-- SOURCE MATERIAL follows --

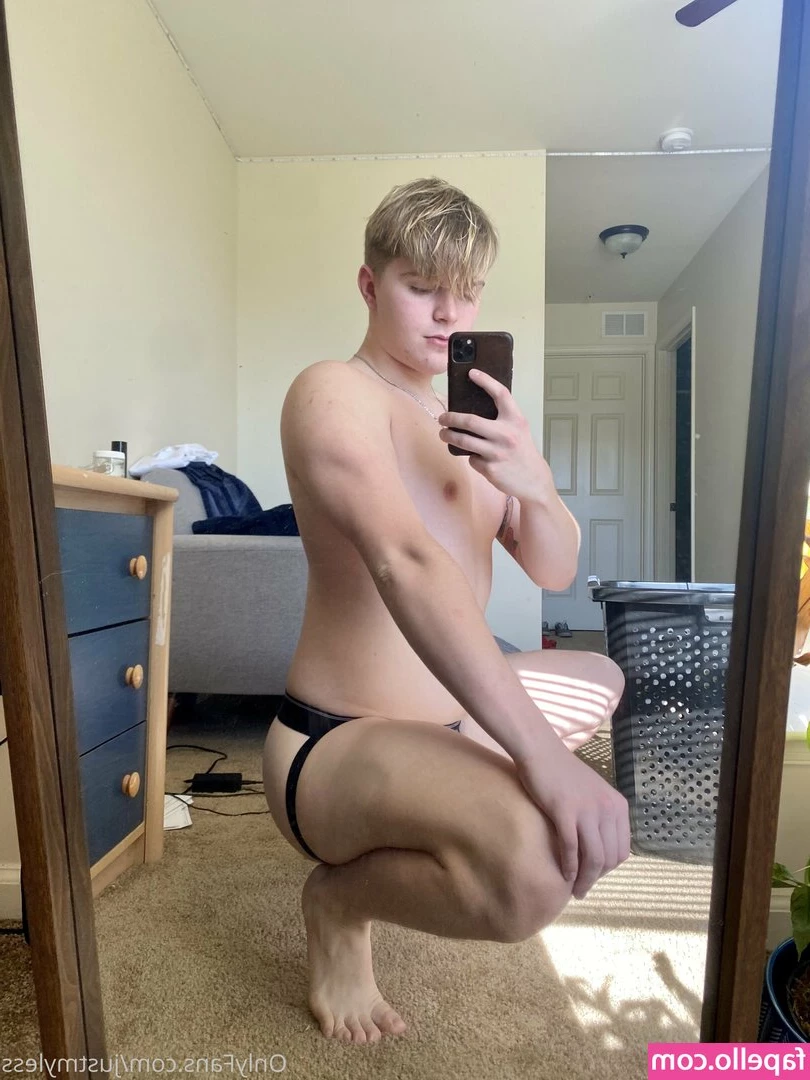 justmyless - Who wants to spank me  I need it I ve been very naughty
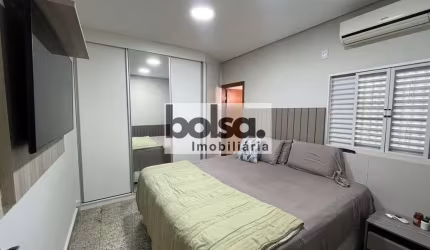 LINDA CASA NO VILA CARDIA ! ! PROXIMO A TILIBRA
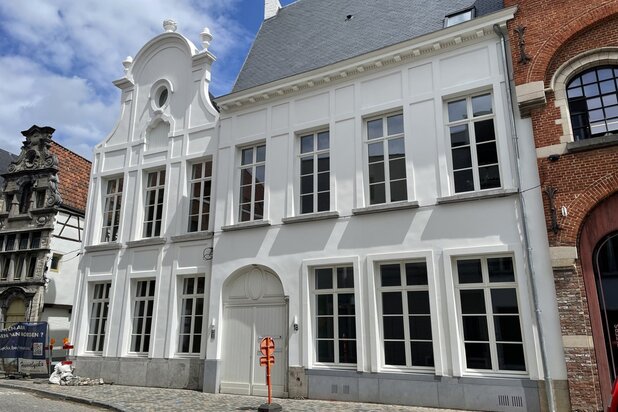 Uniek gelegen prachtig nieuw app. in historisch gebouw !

-- SOURCE MATERIAL concluded --
-- SOURCE MATERIAL follows --

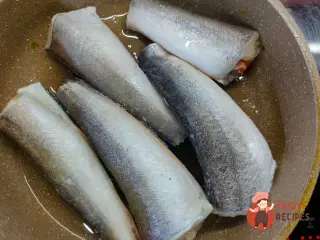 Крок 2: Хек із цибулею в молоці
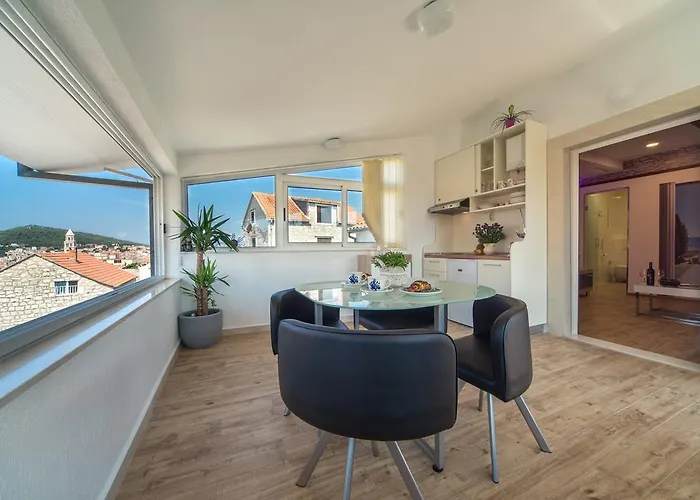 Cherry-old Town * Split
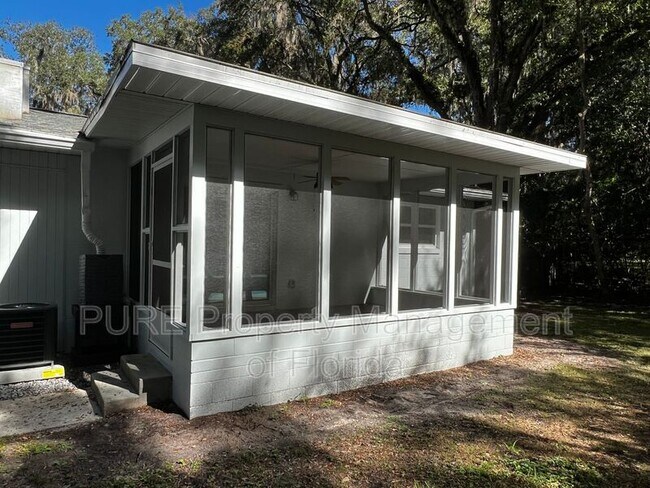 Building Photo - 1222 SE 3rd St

-- SOURCE MATERIAL concluded --

## TASK INSTRUCTIONS:
Find the line with "justmyless - Who" and the line with "Uniek gelegen prachtig" in the records above. Copy both and all lines between them exactly, without pictures.

## WRITTEN SOLUTION:
 justmyless - Who wants to spank me  I need it I ve been very naughty
 LINDA CASA NO VILA CARDIA ! ! PROXIMO A TILIBRA
 Uniek gelegen prachtig nieuw app. in historisch gebouw !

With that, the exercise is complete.